Kiai Sahal dan Kiai Afif juga tipikal kiai yang tak suka
banyak bicara. Beliau berdua dikenal irit bicara termasuk soal fatwa. Alkisah
ada satu rombongan sowan ke kediaman Kiai Sahal, setelah diterima dengan ramah
mereka menyampaikan maksud kunjungannya, yaitu ingin minta fatwa soal kasus
Syiah, setelah mendengar itu Kiai Sahal masuk ke ruangan pribadinya dan tak
keluar lagi.
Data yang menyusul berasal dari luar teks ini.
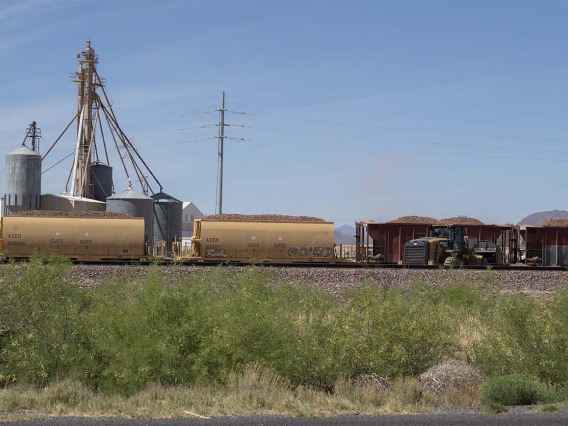A train hauls grain by a farm near the community center in Aguila, Arizona, the site of a MOVE UP clinic to get COVID-19 vaccines to hard-to-reach rural and underrepresented populations.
Akhirnya rombongan pulang tanpa membawa fatwa. Kiai Afif pun
demikian suatu saat ada sejumlah orang minta fatwa beliau soal LDII setelah
menyimak pertanyaan mereka, kiai Afif menjawab dengan halus dan nada yang khas,
"saya tak tahu! ".
Hari ini 20 Mei, Kiai Afifuddin Muhajir, kiai kebanggaan kita
itu ulang tahun. Mari doakan agar beliau sehat, panjang umur dan bisa menulis
kitab-kitab yang memudahkan, utamanya dalam bidang usul fikih. Dan untuk Kiai
Sahal semoga Allah mengampuni segala khilafnya dan menerima segala amal
baiknya.
Salam baik
- Ahmad Husain Fahasbu santri PP. Salafiyah Syafi'iyah Sukorejo, santri yang tak tertarik mencium bau surga dari Jakarta.